You can’t even tell anyone what the standard deviation of the GAT is. It is lost in the averaging and no one ever goes back to propagate it properly thru all the calculations. All you know is that some computer calculated a mean to ten decimal places so that is the uncertainty.

Reply to  Jim Gorman
November 10, 2021 3:48 pm

Any hint as to which data you are using? If you reject global averages I assume you mean you’ve found individual stations where maximums haven’t increased, but how do you know if they are typical of the planet?

Reply to  Bellman
November 11, 2021 2:11 pm

We are seeing record global harvests over the past twenty years. Something is causing this. Attached is a file for Topeka, KS growing season length and date of first frost. The bottom graph is missing the x-axis but it’s the same as the top graph.

Date of first frost typically determines the length of the growing season.

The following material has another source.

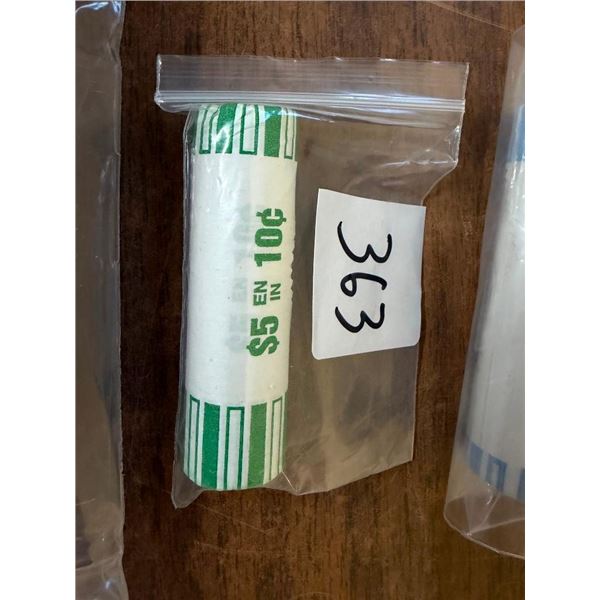 ROLL OF 2018 CANADIAN DIMES - NEVER USED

Growing season getting longer is mostly driven by increasing minimum temps, not maximum temps.

What makes *you* think that it isn’t minimum temps going up that is causing this?

topeka_growing_season_first_frost.png
Reply to  Bellman
November 13, 2021 4:09 pm

Do they have to be “typical of the planet?” Doesn’t their existence at all point to a problem in the CO2 hypothesis?

USHCN data I just crunched today shows that TMAX in Jan-Feb-Mar in Washington State and Oregon has been cooling for the last 30 years, as have a majority of the stations in the US.

November 9, 2021 12:54 am

Test comment, since a previous comment failed to get accepted.

Rich.

Reply to  See - owe to Rich
November 9, 2021 12:55 am

OK that worked 🙂 Apologies to all for the distraction.

Tom Abbott
Reply to  See - owe to Rich
November 9, 2021 8:54 am

No problemo.

Reply to  See - owe to Rich
November 9, 2021 9:56 am

If I didn’t want a distraction from work and life, I wouldn’t be here.

Ed Zuiderwijk
November 9, 2021 1:32 am

Really? Where is the whopping 0.8 degrees anomaly caused by the 1998 El Nino?